Task requirements: Your answer must be the lines from the first record through the line that contains "Loose Long Sleeve", copied exactly and without any pictures.

Material for this exercise:
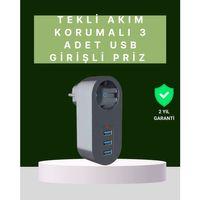Termal Akım Korumalı 3 Usb'li Güvenli Priz – Akıllı Akım Dengeleme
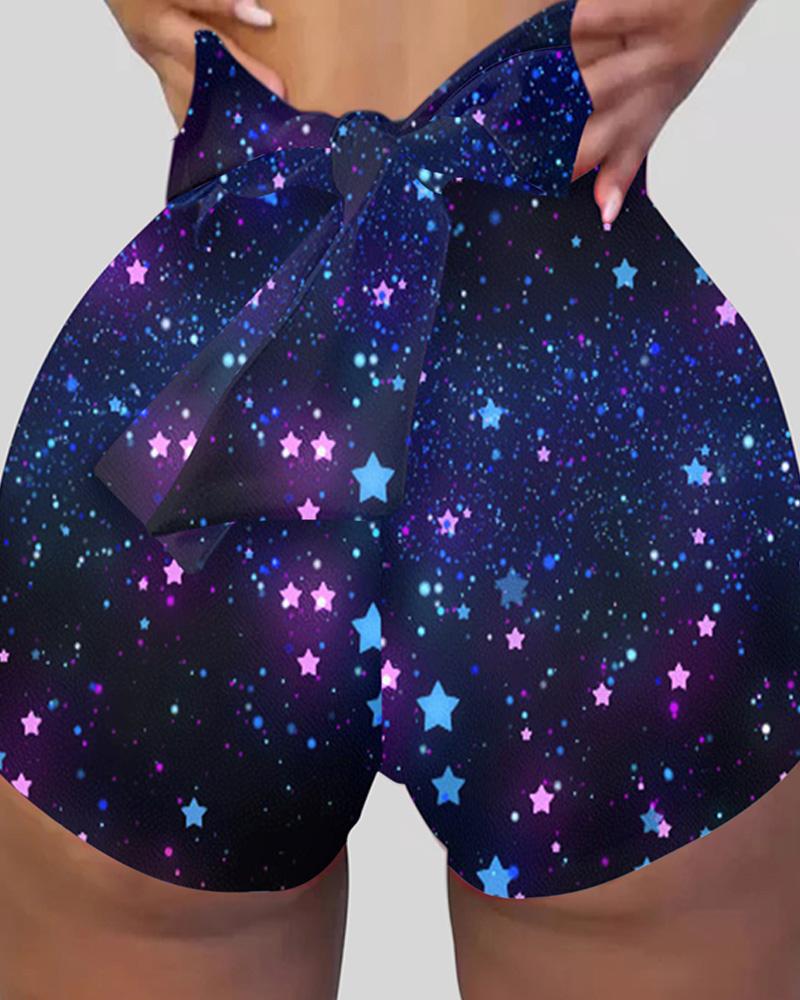 

Bowknot Decor Starry Sky Print Butt Lifting Yoga Shorts, Style2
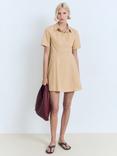 Mango Tomy-H Cotton Mini Shirt Dress, Medium Brown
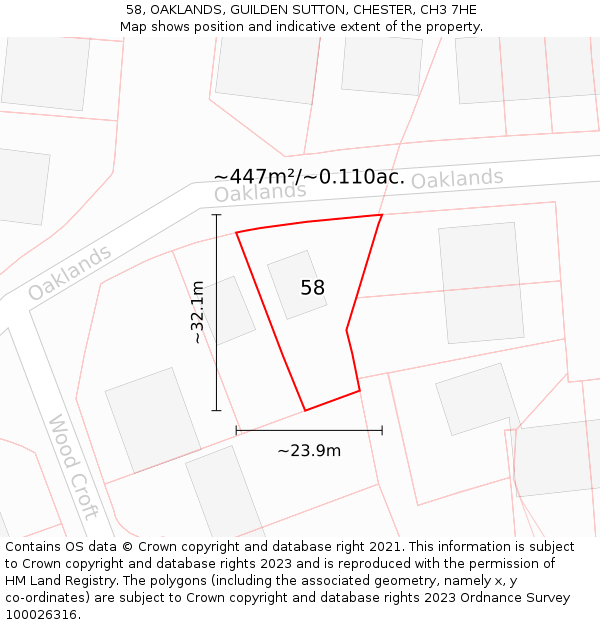 58, OAKLANDS, GUILDEN SUTTON, CHESTER, CH3 7HE: Plot and title map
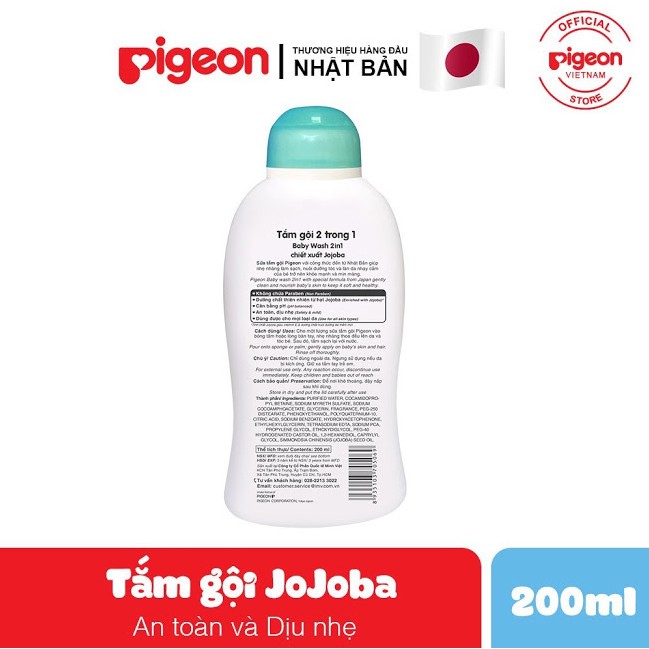 Sữa Tắm Gội Trẻ Em 2in1 Pigeon Sữa Tắm Dung Tích Chai 200ml Sữa Tắm An Toàn Cho Bé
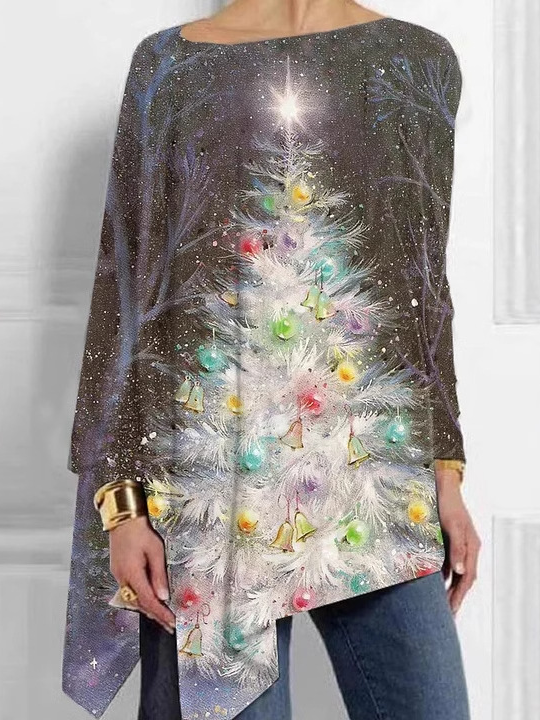 Loose Long Sleeve Crew Neck Christmas Casual Mid-Long Blouse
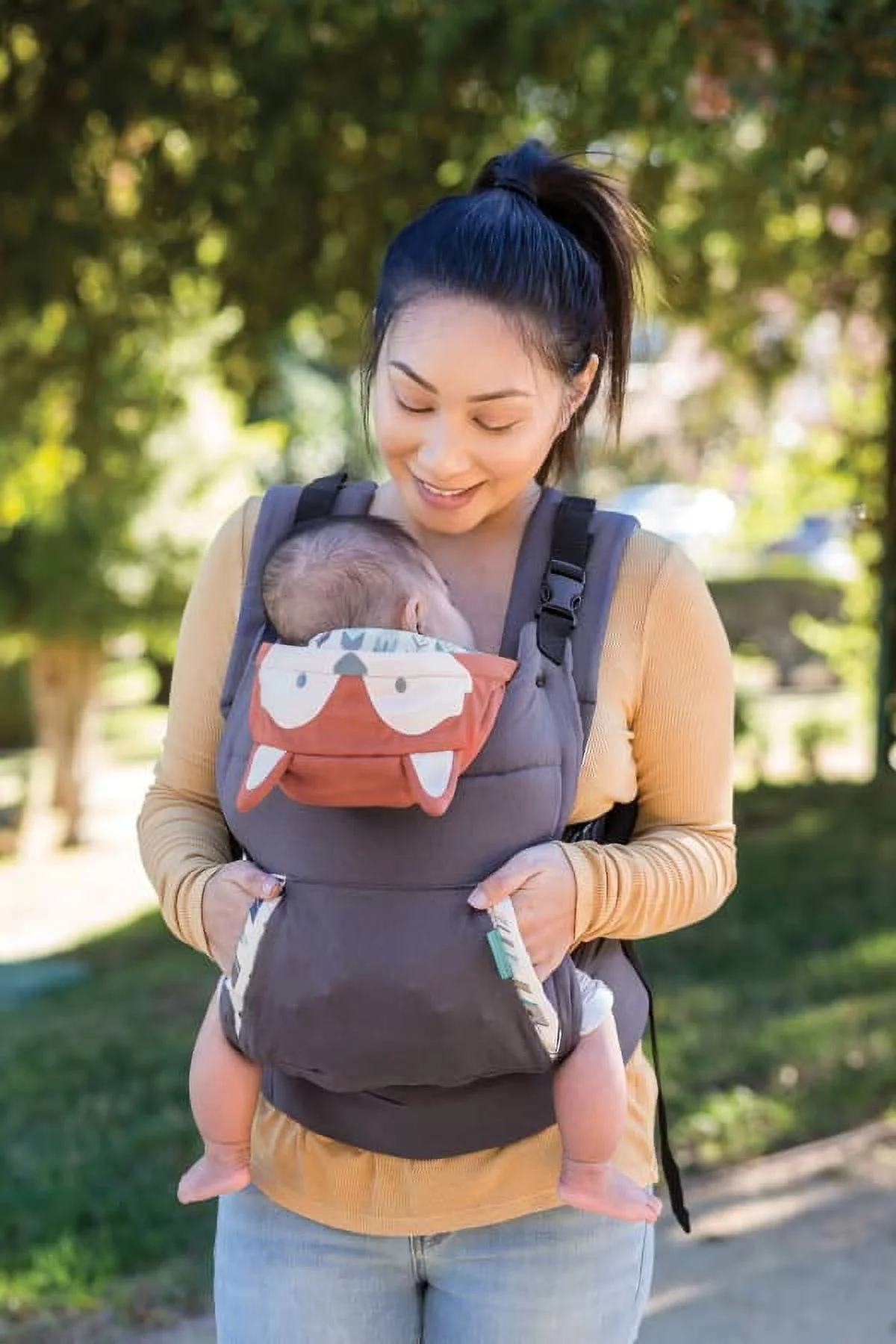 Infantino Cuddle-up Ergonomic Hoodie Baby Carrier, 2-Position, 12-40lb, Gray Fox - Womvr
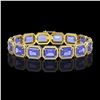 Image 1 : 36.37 ctw Tanzanite & Diamond Micro Pave Halo Bracelet 10k Yellow Gold - REF-776R4K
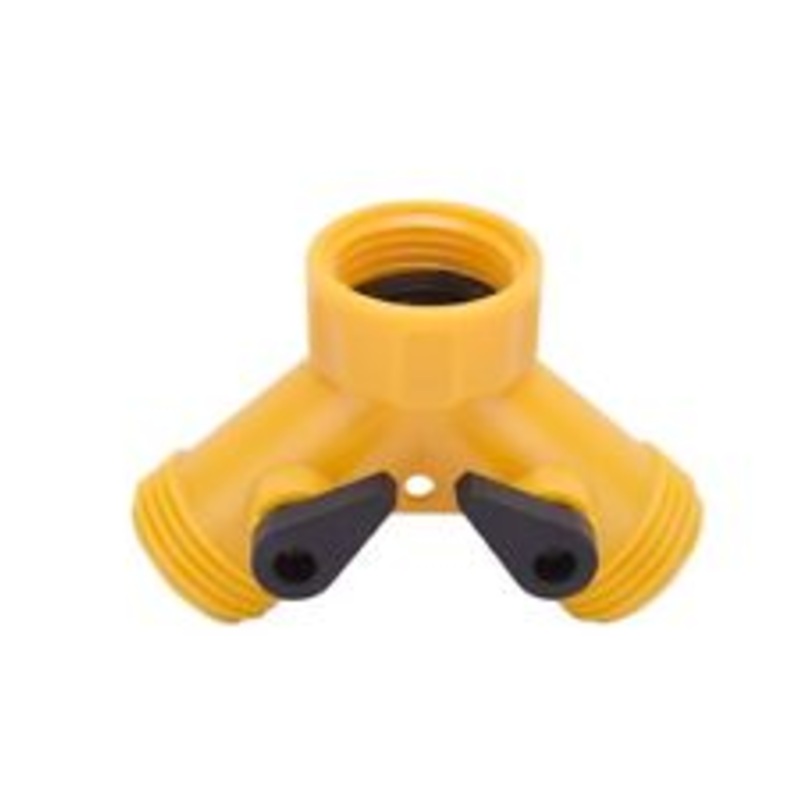 Landscapers Select Y-Connector, Female and Male, Plastic, Yellow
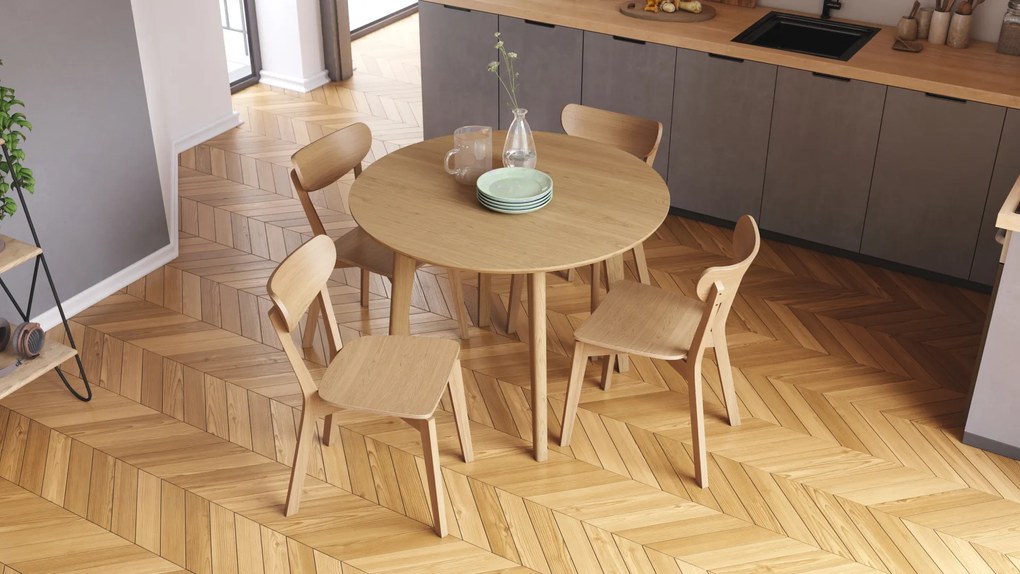 MAZZONI EXPORT ROXY Stejar natural - SCAUN DE LEMN PENTRU SALON SUFRAGERIE BUCĂTĂRIE RETRO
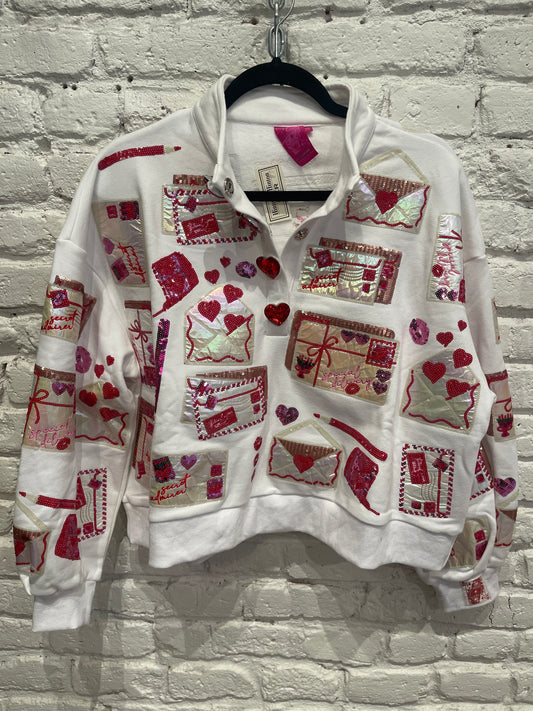 WHITE LOVE LETTERS SWEATSHIRT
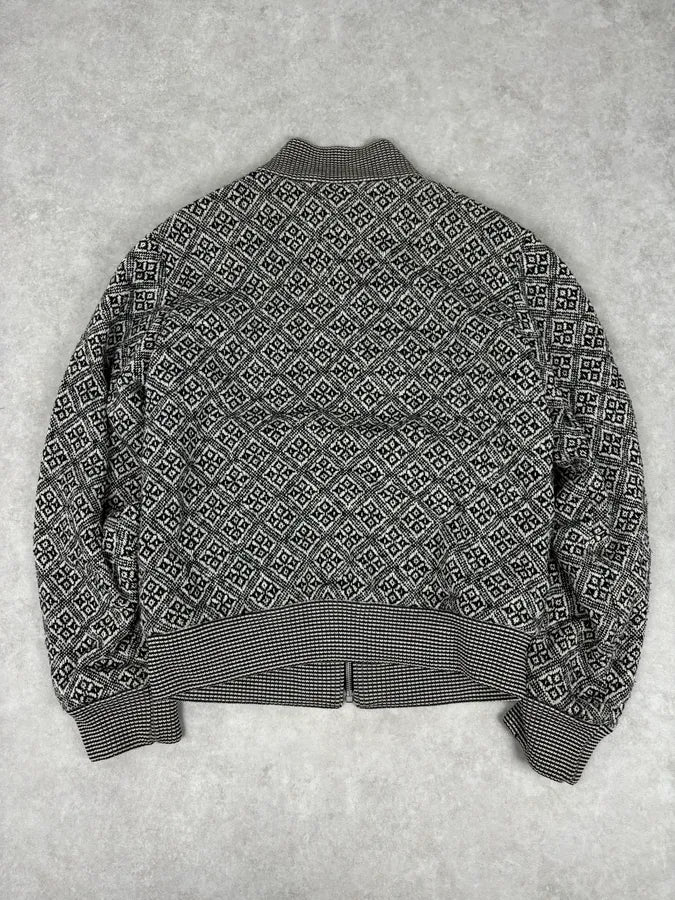 Dries Van Noten Grey Wool Jacquard Zip-up Jacket - Image 5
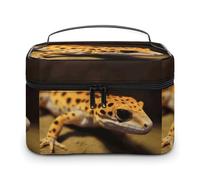 DWTJKMS Leopard Little Gecko Trousse per trucchi, organizer per cosmetici, grande capacità portatile, borse da viaggio da donna, con manico e divisore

Finished task:
Termal Akım Korumalı 3 Usb'li Güvenli Priz – Akıllı Akım Dengeleme

Bowknot Decor Starry Sky Print Butt Lifting Yoga Shorts, Style2
 Mango Tomy-H Cotton Mini Shirt Dress, Medium Brown
 58, OAKLANDS, GUILDEN SUTTON, CHESTER, CH3 7HE: Plot and title map
 Sữa Tắm Gội Trẻ Em 2in1 Pigeon Sữa Tắm Dung Tích Chai 200ml Sữa Tắm An Toàn Cho Bé
 Loose Long Sleeve Crew Neck Christmas Casual Mid-Long Blouse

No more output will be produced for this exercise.